# frage zu usb: scanner - digicam

## err0r

Hallo.

also bin ganz zufrieden mit meinem system. alles läuft wunderbar  :Smile: 

nur eins stört mich gewaltig...wenn ich z.b meine digicam anschließe wird sie als scsi erkannt. aber dieser ist bei jedem anschalten der digicam anders, daher muss ich jedesmal denn langen weg gehen und es immer per hand mounten. kann man nicht einen festen mount punkt in die fstab eintragen und dann nur noch anmachen und los gehts?!

achja: gphoto2 << da ist die cam nicht dabei. hab die Fujifilm finepix a202.

so und noch was zum usb scanner. das issn canon FB630U.

Was für ne software soll ich da nehmen? und wie setz ich da auch einen "festen" mountpunkt fest? also nich das dass da auch so ist ...in sachen bei jedem scan n neuer scsi host...

liebe grüße

err0r

----------

## DerMojo

 *err0r wrote:*   

> aber dieser ist bei jedem anschalten der digicam anders, daher muss ich jedesmal denn langen weg gehen und es immer per hand mounten. kann man nicht einen festen mount punkt in die fstab eintragen und dann nur noch anmachen und los gehts?!

 

Wahrscheinlich hast du noch andere SCSI-Geräte, oder?

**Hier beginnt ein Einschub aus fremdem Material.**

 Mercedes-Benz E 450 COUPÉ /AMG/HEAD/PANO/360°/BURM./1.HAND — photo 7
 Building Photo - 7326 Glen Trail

Theoretisch sollte es funktionieren, wenn du mit mknod einen passenden Knoten erzeugst und den dann als Device in die fstab übernimmst.

Theoretisch.

Daniel

----------

## err0r

und genauer?  :Sad: 

hab da nicht sooo ahnung von.

ja brenner/cdrom laufwerk halt. als scsi emulation..

mfg

err0r

----------

## err0r

hallo?

wie geht das genau?

----------

## DerMojo

Eigentlich kann ich dich nur an "man mknod" verweisen, aber schaun mer mal ,)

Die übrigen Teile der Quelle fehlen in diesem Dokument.